__Work order__
After locating the line that contains "A side view", give that line and all the rest through the end of the entries again exactly, leaving the pictures out.
---------- The records ----------
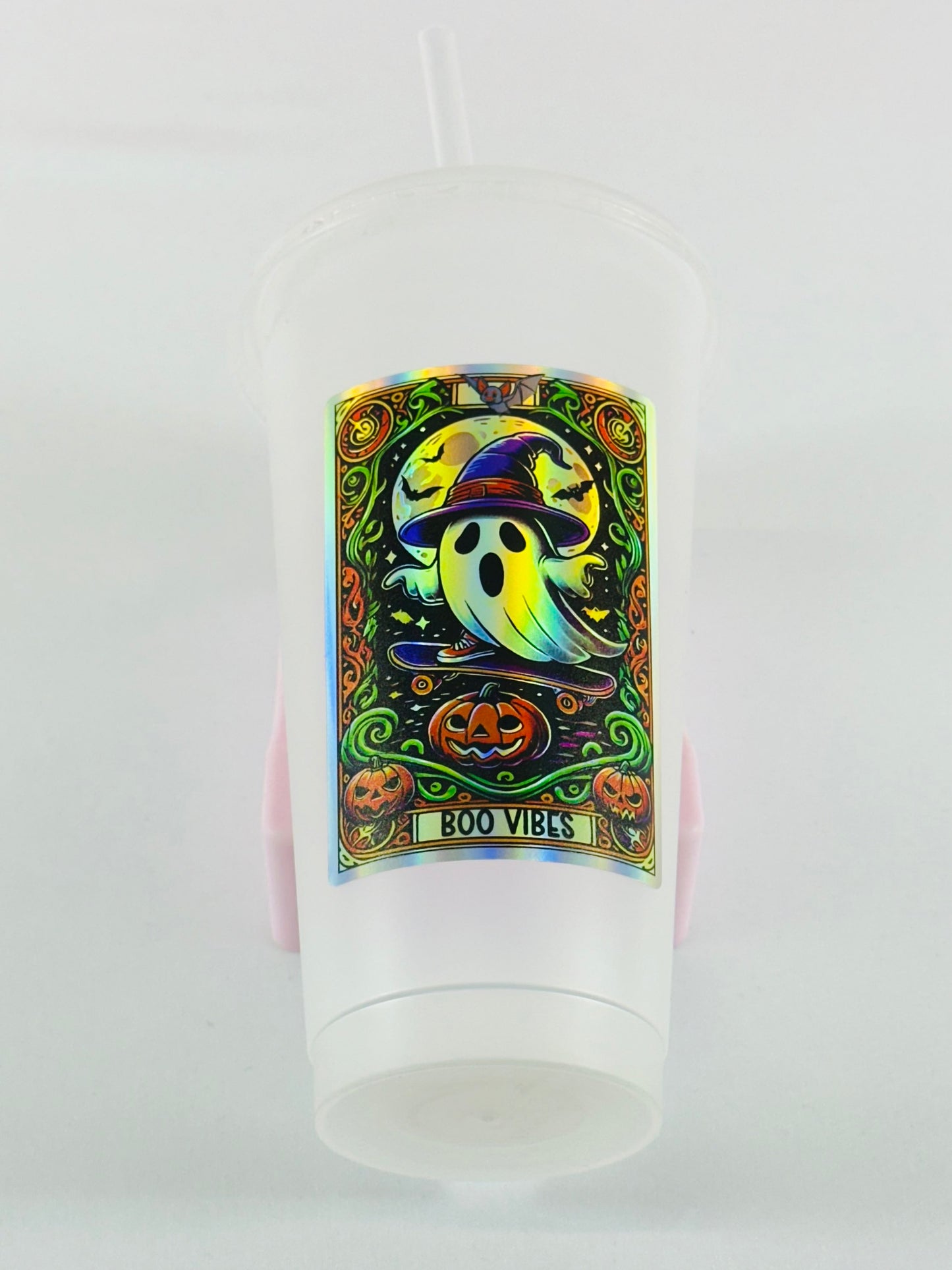 Halloween Tarot Card Decals - Holographic Rainbow Silver Section 2 image 9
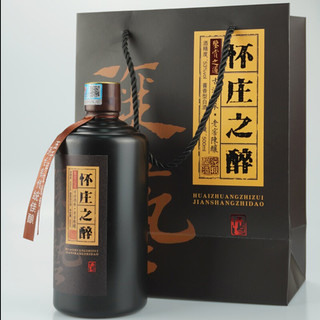 怀庄 怀庄之醉 53%vol 酱香型白酒 500ml*6瓶 整箱装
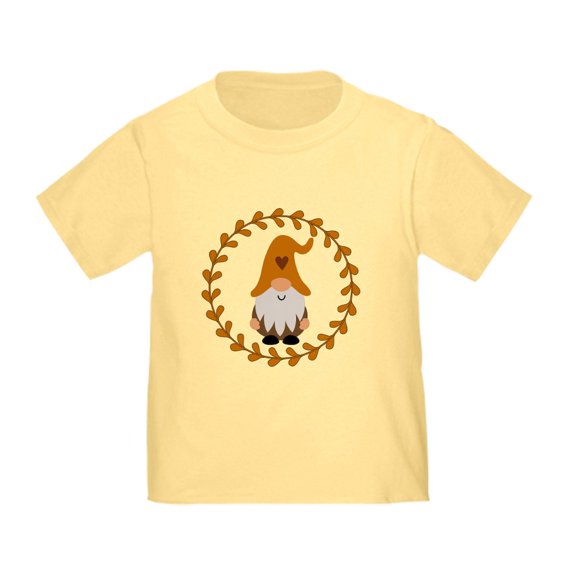 CafePress - Autumn Gnome Wreath T Shirt - Cute Toddler T-Shirt, 100% Cotton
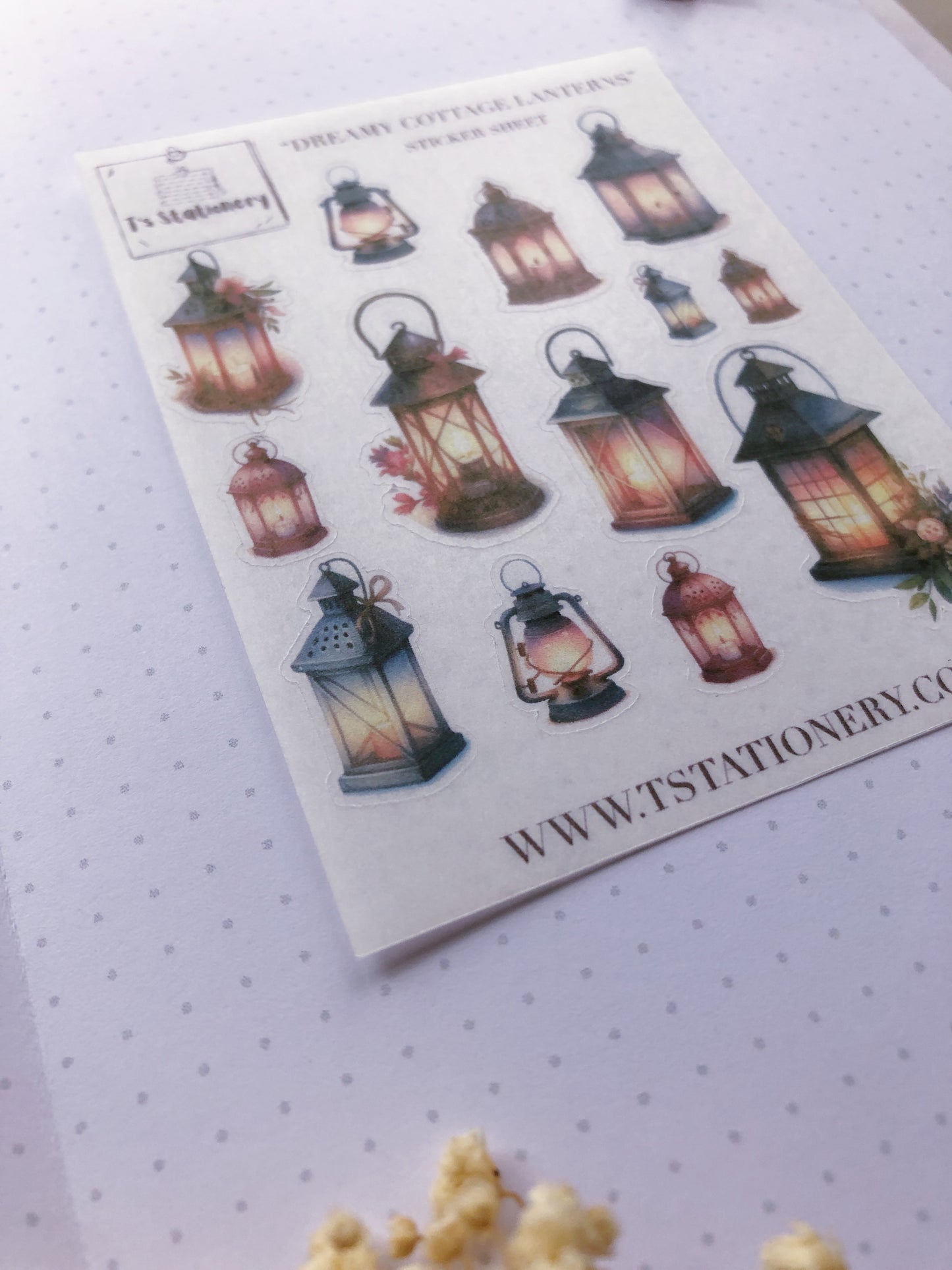 "Dreamy Lanterns" Washi Sticker Sheet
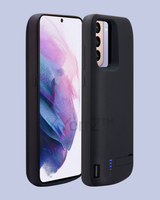 A side view of the Galaxy Power Bank Case with Kickstand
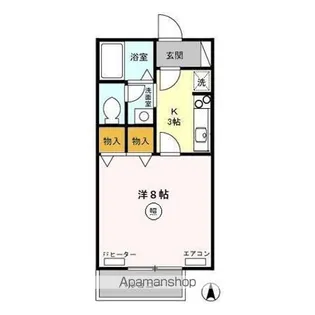アネーロ和田 B【1階】の間取り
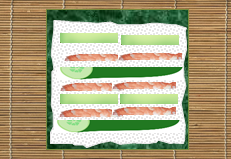 Sushi à ma facon-façonnage 5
----------
__Expected answer__
 A side view of the Galaxy Power Bank Case with Kickstand
アネーロ和田 B【1階】の間取り
 Sushi à ma facon-façonnage 5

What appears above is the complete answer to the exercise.